Jones was his close friend, and it was due to the efforts of Mr. Rhodes
that that great Southern Evangelist was able to hold his first meeting
in Baltimore. A man of quiet, domestic taste, he was best appreciated
by those who knew him intimately, and to that inner circle was revealed
those noble traits of character which marked him as the true Christian
Oliver L. Rhodes was born at Bridgewater, in the Shenandoah Valley,
Virginia, in 1850, died at his home at Forest Park, Baltimore,
Maryland, May 27, 1915. When a mere boy he entered the Confederate
service, serving the last two years in the cavalry under Colonel Mosby.
He was but fifteen when the war closed, and from military he returned
to school life. After completing his studies he remained in Virginia
until 1875, men located in the city of Baltimore, ever afterward his
home. For eighteen years he was engaged in business as a wholesale
dealer in hats, but later he became interested in other business
activities of importance.
He was a staunch Democrat of the Jeffersonian type, was for two years
chief engrossing clerk of the Maryland Legislature during Governor
Crothers' administration, and at the time of his death was assessor to
the Appeal Tax Court, a position he had held four years, and to which
he had just been re-appointed by Mayor Preston.

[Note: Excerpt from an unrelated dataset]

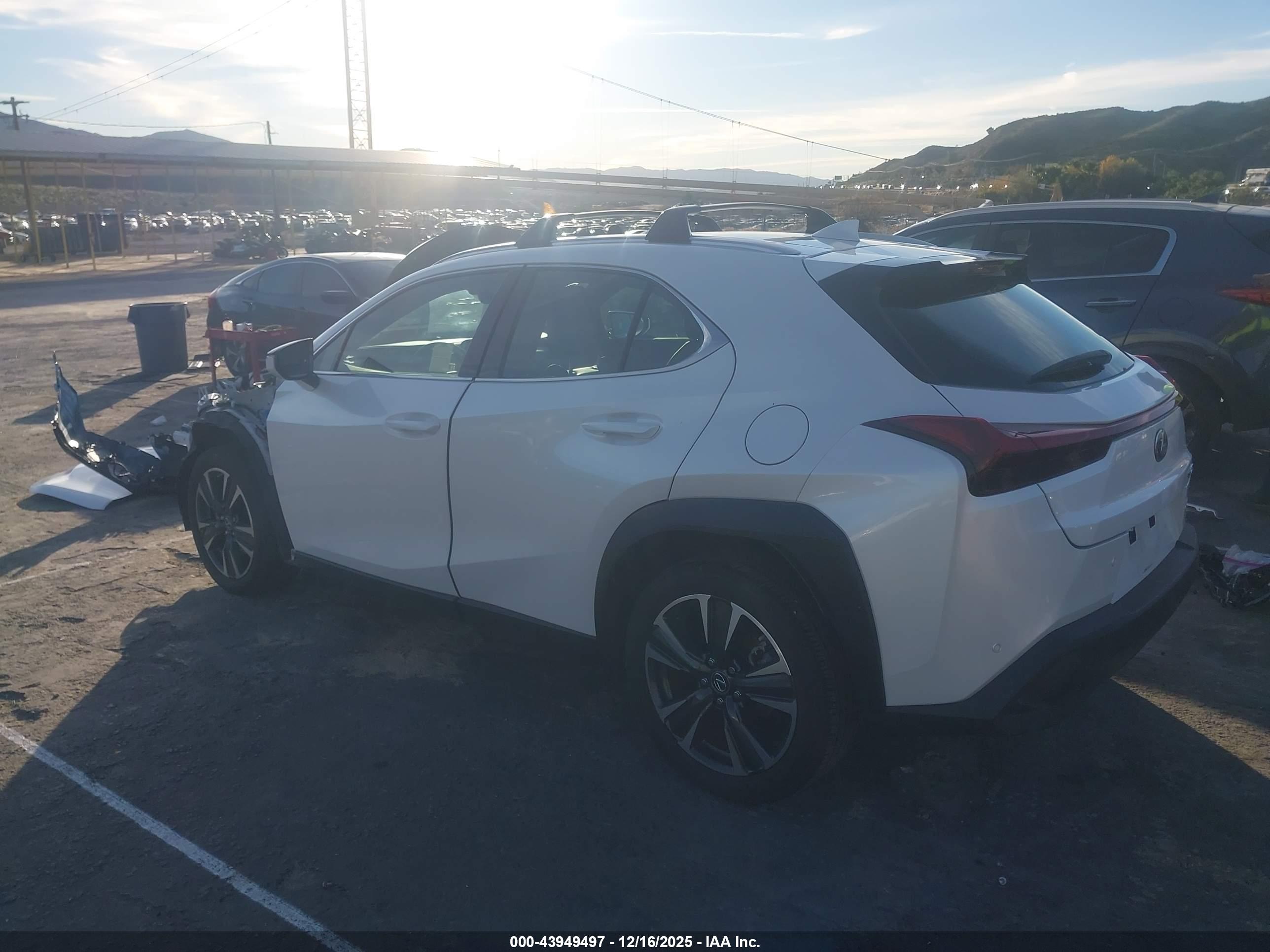 LEXUS UX image 3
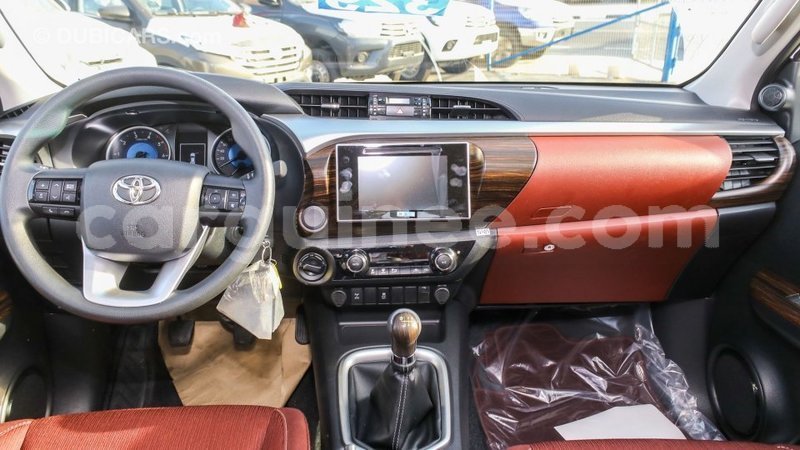 Big with watermark toyota hilux conakry import dubai 5199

While he had ever been
an active party worker, he never sought office for himself, the above
being the only public positions he ever accepted.
He was a prominent figure in Baltimore Methodism, devoted to the
interests of his church, serving for twenty-five years on the official
board of Emmanuel Methodist Episcopal Church South. He was very proud
of his church, attended many of the annual conferences, and delighted
in the friendships he held among the clergy, many of whom he
entertained most enjoyably at his hospitable home. Said one writer who
had been entertained by Mr. and Mrs. Rhodes in "princely style": "An
atmosphere of culture and refinement threw about the home an
indescribable charm. There a guest for weeks the memories of that stay
still linger with us as an evening benediction."
Mr. Rhodes married, in 1882, Mary Cochran, a resident of Baltimore, who
survives him, with one son, E. Oliver Rhodes.